House Chamber, Washington, D.C. April 2, 2009 Mme. Chairman: I feel one of those rare bi-partisan moments coming on. Throughout these budget debates, my friends on the Left keep saying that our problems are rooted in the fiscal mismanagement of the Bush Administration. The Gentleman from Virginia just presented a chart titled, “Record Deterioration of the Budget Under the Republican Administration.”
I agree. There’s no denying it. George W. Bush increased spending twice as fast as Bill Clinton. He turned a budget surplus into a chronic deficit.
But if we all agree that Bush spent too much and borrowed too much, then why in the world would we want to pursue the same folly on a far greater scale?
Why would we take the Bush Administration’s unsustainable rate of spending growth and send it even higher?
Why would we take that budget deficit and triple it?
If budgets that spend too much and borrow too much are the road to economic prosperity, then why aren’t we enjoying a period of unprecedented economic expansion?
The fact is, these policies don’t work, and it doesn’t matter whether the President is a Democrat or a Republican.
They don’t work because government cannot inject a single dollar into the economy that it has not first taken out of the economy.
They don’t work for the same reason that you can’t spend yourself rich or borrow your way out of debt or tax your way to prosperity.
If you want to know where these policies lead – just look to my home state of California.
Three governors – Republican and Democrat – did exactly what my friends on the left assure us is the road to recovery.
They increased spending at unsustainable rates, they ran up unprecedented debts and they imposed crushing new taxes.
And the result is that today, California has been transformed from the nation’s Golden State to a state of collapse.
A record level of government spending has not produced prosperity.

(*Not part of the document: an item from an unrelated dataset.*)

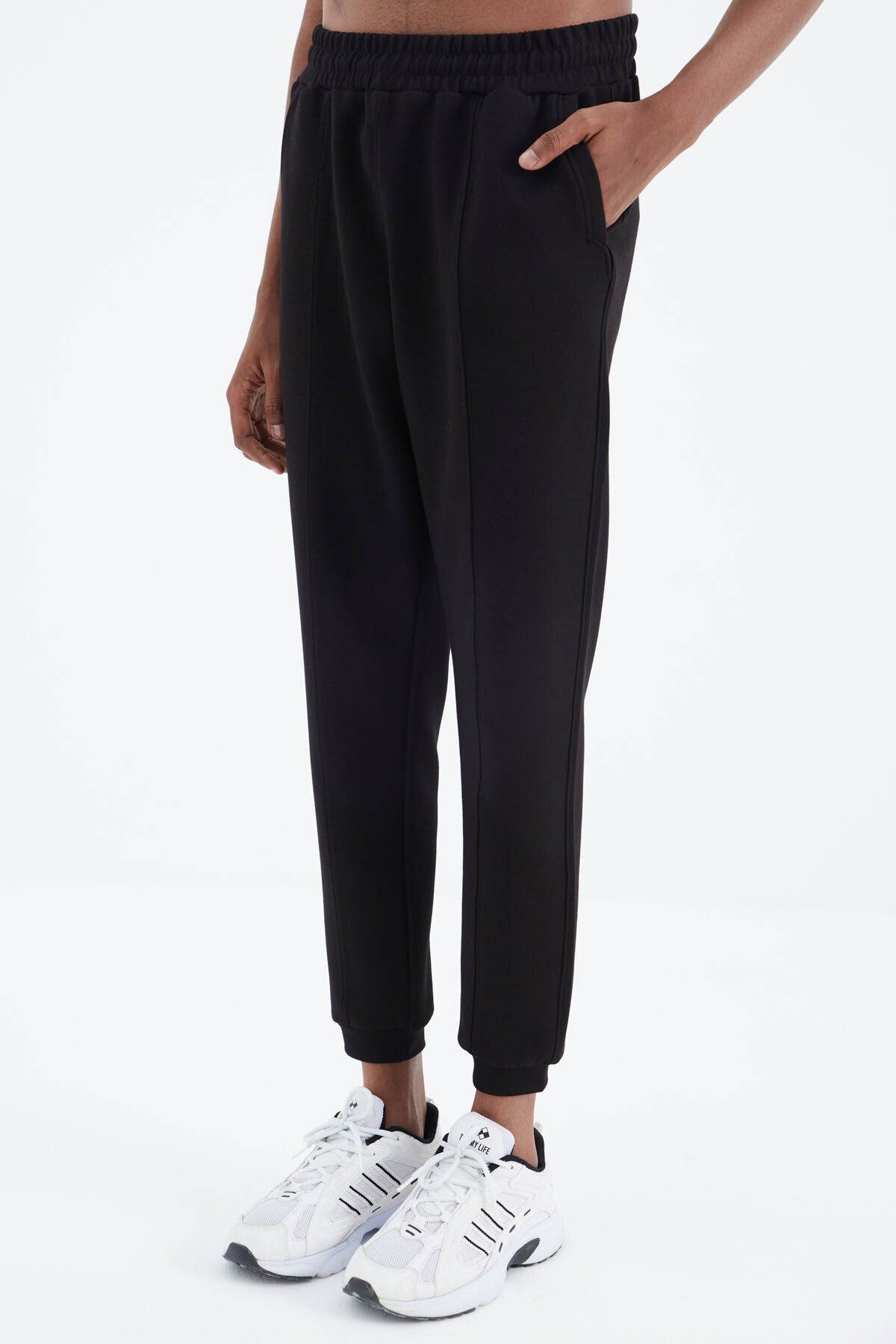 Black Laced Front Stitch Detailed Standard Fit Men's Tracksuit Bottom - 84994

It has produced one of the highest unemployment rates in the country.
Interest costs driven by years of borrowing are now eating its budget alive.

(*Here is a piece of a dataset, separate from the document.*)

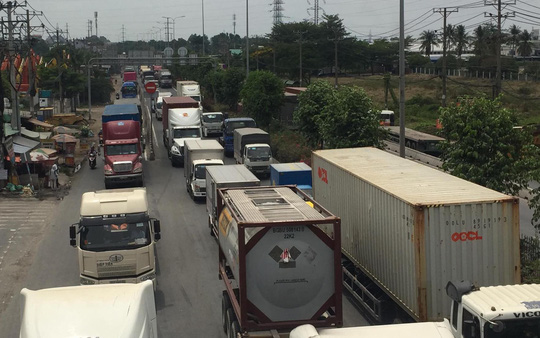 Nam thanh niên bất ngờ lao thẳng vào xe container đang chạy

Its tax burden is producing a population exodus unknown since the days of the dust bowl.
In fact, the state has spent so much that it has just imposed the biggest tax increase by any state in American history.

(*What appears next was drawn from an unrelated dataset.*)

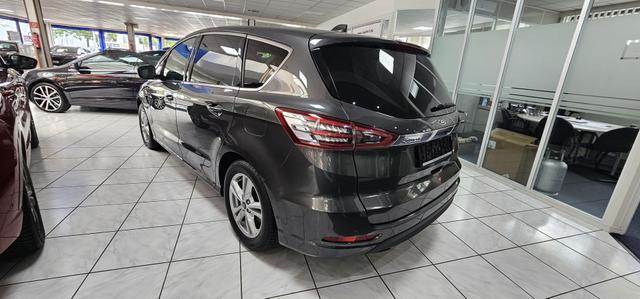 Ford S-MAX 2.0 EcoBlue Aut. TITANIUM Navi Pano Leder Camera 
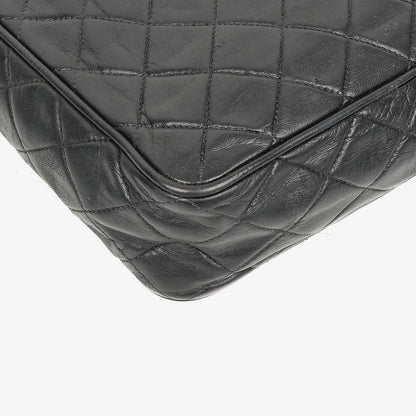 Chanel Vintage CC Große Camera Tassel Tasche aus schwarzem gestepptem Lammleder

The state has borrowed so much that it is now in very real danger of defaulting on its obligations before the end of the summer.
The President and the Democrats in Congress are making exactly the same mistake that the Bush Administration made and that three California governors made, only on a much greater scale.
Perhaps at a moment like this, it is time that we recognized the first law of holes: when you’re in one, stop digging.